Kultur/ Tortour….

……oder wenn man mit der Bahn fährt, kann man sich glücklich schätzen, dass sie überhaupt fährt……

Musik ist für mich mitunter das Wichtigste im Leben. Meine Kinder sind es ganz bestimmt. Und wenn es möglich ist, Musik und Kinder in Verbindung zu bringen, dann ist das für mich schon ein besonderer Moment. Dieser Moment bahnte sich an, als ich meinen Sohn fragte, ob er mit in ein Konzert kommen würde. Er sagte ja. Das Erstaunliche daran ist, dass er erst vor kurzem seinen musikalischen Geschmack entdeckt hat und dass es sein erstes Konzert sein würde. Seine Schwester, die schon konzert-erfahren ist, wollte auch gerne mit. Und heute, ist es dann soweit.

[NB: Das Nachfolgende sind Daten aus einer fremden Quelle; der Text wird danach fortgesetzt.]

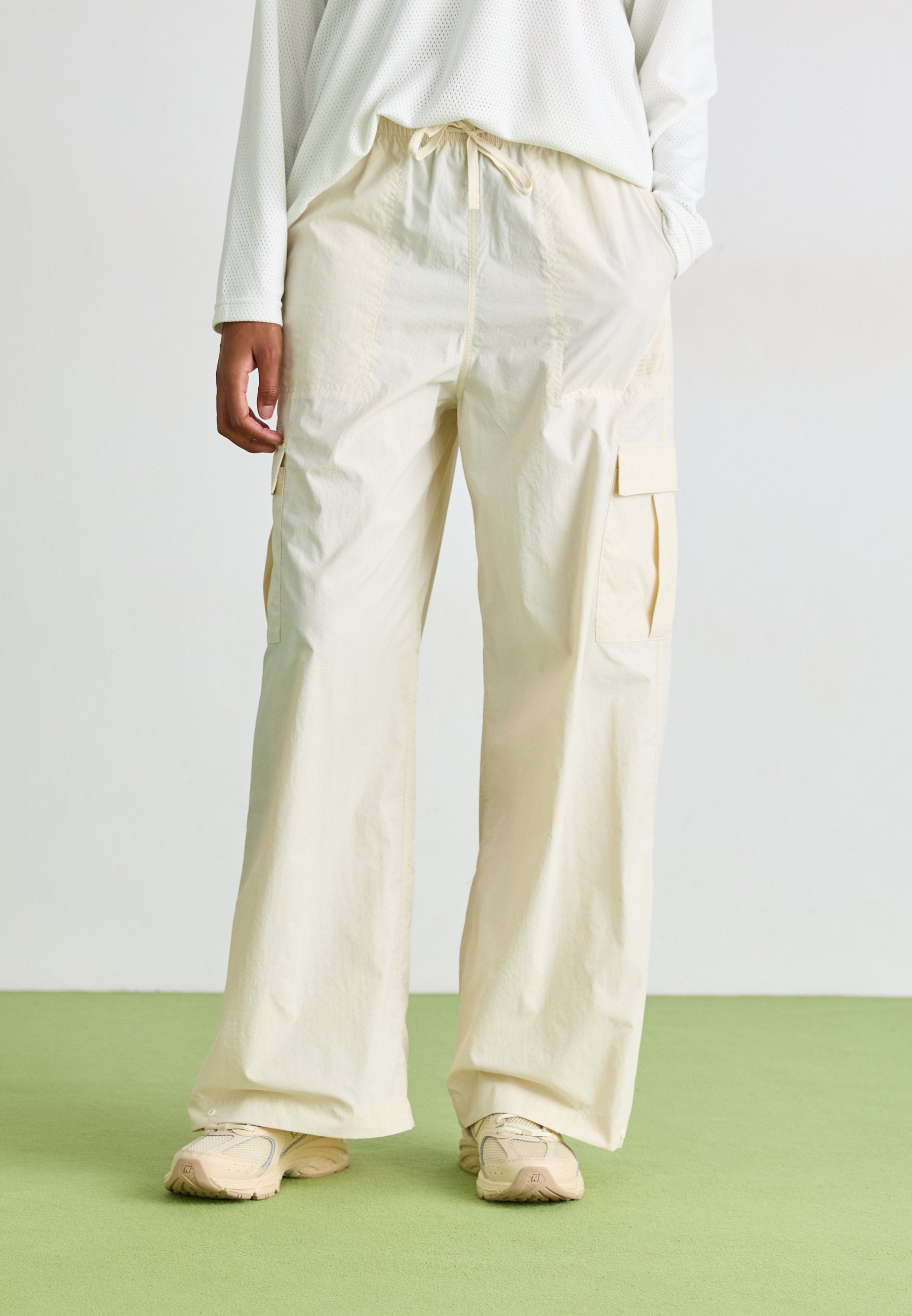 WOVEN PANT - Cargo trousers - beige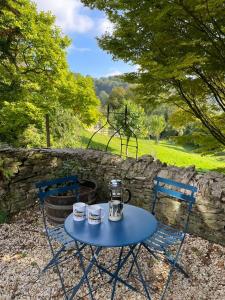 沃顿安德埃奇Cotswold Coombe Cottage的一张蓝色桌子,上面有两杯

„Me and my Drummer“ treten im Tower in Bremen auf. Vom Tower weiß ich nicht viel. Nur, dass ich im Laufe einer durchzechten Nacht vor ein paar Jahren einmal kurz darin war. Toller Laden, aber ich war eindeutig zwanzig Jahre älter als der älteste Besucher sonst. Ich habe mir eigentlich geschworen, nie wieder dahin zu gehen. Man hat mich angeblickt, als ob man den Friedhof schon an mir riechen könnte. Doch für ein Konzert zusammen mit meinen Kindern, würde ich einfach mal über meinen Schatten springen. Da der Tower in recht unmittelbarer Nähe vom Bremer Bahnhof ist, liegt die Entscheidung nahe, dass wir mit dem Zug fahren. Über das Internet, von dem alle so viel erzählen, habe ich im Vorfeld nachgesehen, wann das Konzert beginnt. 19:00 ist Startzeit. Es fährt ein Zug um 17:41 von Sottrum los. Mit dem sind wir um 18:00 Uhr in Bremen. Dann haben wir vor Ort genügend Zeit, um die Konzertkarten zu kaufen und uns vielleicht noch einen Happen Essen zu genehmigen. Ich liebe es, wenn alles von vornherein in geordneten Bahnen (in diesem Fall Bundesbahnen) abläuft. Die Fahrt von uns zum Sottrumer Bahnhof, von dem aus wir loswollen, dauert 10 Minuten. Weitere 12 Minuten haben ich dafür eingeplant, das Ticket zu ziehen und einzusteigen. „Nimm das Tagesticket für Dich und unseren Sohn“, flüstert mir mein Hase ins Ohr, „seine Schwester hat ein Studententicket und für Euch beiden ist das Tagesticket das günstigste.“ Der Hase ist ein Fuchs. Ein Sparfuchs und als solcher kennt sie natürlich von Allem und Jedem immer das günstigste Angebot. Sie ist die Schnäppchenenzyklopädie. Aber davon vielleicht an anderer Stelle noch mehr. „Ah ja, das Niedersachsenticktet“, wiederhole ich abwesend. Sie packt mich am Kragen, ihr Gesicht ist meinem bedrohlich Nahe. „Spreche ich spanisch? Ich sagte Tagesticket!“ Gleich wird sie mich fressen, denke ich…… Nein, natürlich war es nicht so, aber es klingt dramatischer. Es gab nur den dezenten Hinweis darauf, welche Fahrkarte ich erwerben solle und ich versprach es auch umzusetzen. „Also was sollst Du holen?“ prüfte der Hase mich und ich traue mich einfach nicht, noch einmal Niedersachsenticket zu sagen. Ich hänge an meiner Gesundheit.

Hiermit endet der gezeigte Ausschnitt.